___ The data

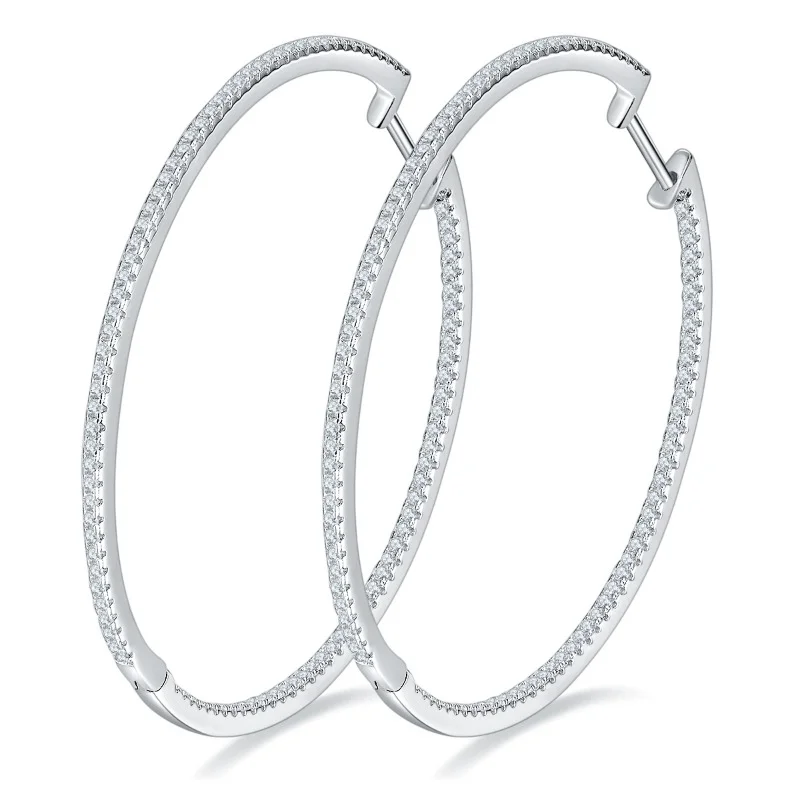 

50mm Iced Moissanite Hoop Earrings for Women Silver 925 Jewlery 1.1mm Moissanite Diamond Huggie Loop Earrings Pass Tester Gift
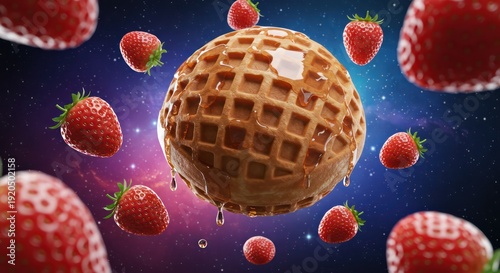 A waffle planet surrounded by strawberries in space, dripping with syrup.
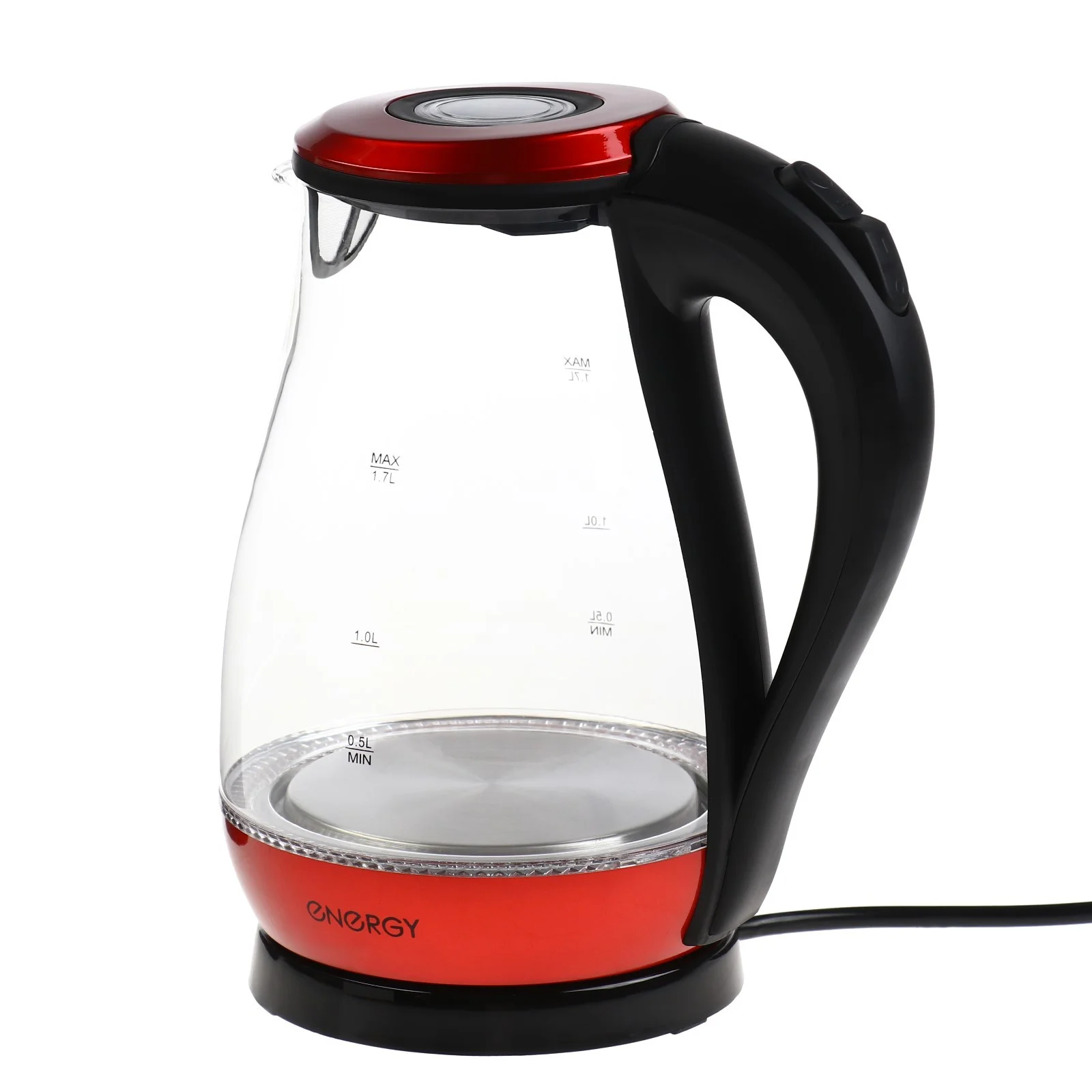 Эл,чайник ENERGY E-204 (1.7л) стекло, пластик цвет красный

______

# What the task requires
Since the pictures are not part of the copy, transcribe only the remaining material, exactly.

# Your response
50mm Iced Moissanite Hoop Earrings for Women Silver 925 Jewlery 1.1mm Moissanite Diamond Huggie Loop Earrings Pass Tester Gift
 A waffle planet surrounded by strawberries in space, dripping with syrup.
 Эл,чайник ENERGY E-204 (1.7л) стекло, пластик цвет красный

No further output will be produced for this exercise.